Written by: Tom Andrews

Our “The What, When, & Why of Fertilizing” guide taught you the importance of fertilizing and mowing, but summer has another major factor for your yard to keep in mind!

Summer Fertilizing

No matter how great your lawn looks, summer is a time to slow down the feeding in the yard or switch fertilizer types. Throughout the year, my preferred fertilizer is in a granular form. During the summer, I minimize the granular form and add a liquid fertilizer with more “K,” or potassium. Potassium helps battle the summer stress. I like to use a granular fertilizer like a starter or even lower nutrient rates, such as a 7-1-2. With that, I will also apply liquid fertilizer with rates such as 0-0-26. The liquid product allows for quicker absorption into the plant, while most (not all) granular products have slower absorption rates.
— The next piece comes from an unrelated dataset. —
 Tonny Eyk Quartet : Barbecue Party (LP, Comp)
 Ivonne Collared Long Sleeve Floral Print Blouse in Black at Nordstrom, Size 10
I will only make 1-2 applications of the “high K” fertilizer but spread my low-rate granular applications from every 30-45 days; to every 45-60 days since the lawn growth has slowed during the summer heat.

Summer Mowing Tips

The most important tip of the summer: make sure your mowing height is at the highest setting. This allows the grass blades to shade the roots and keep the roots slightly cooler. Then, when you start to notice dry spots in your lawn, you can bring out those sprinklers.

Melnor Oscillating Sprinkler watering yard

Watering is the Key to Summer Survival

Watering “deep and infrequent” is critical in your summer watering. You want to ensure your lawn is getting about 1.5 inches of water per week. Doing this every few days at 10-20 minutes helps encourage deep root growth.

When you water a ¼ inch per day, your roots begin to be trained to only have short roots because all the water is always at the top of the soil. Deep and strong roots allow them to flourish in extremely hot and dry summers, which pop up late fall freezes.

One product I would keep on your radar in the summer is a granular and/or liquid fungicide. Summer is when funguses tend to pop up and sometimes pop up overnight. Preventative applications of fungicides wouldn’t hurt, but if issues start appearing, you can contact your extension office to help identify the problem and provide recommended products to tackle or address it. Just know that not all issues are the same, and while you may think it’s a fungus or another problem, your local office will help quickly identify them.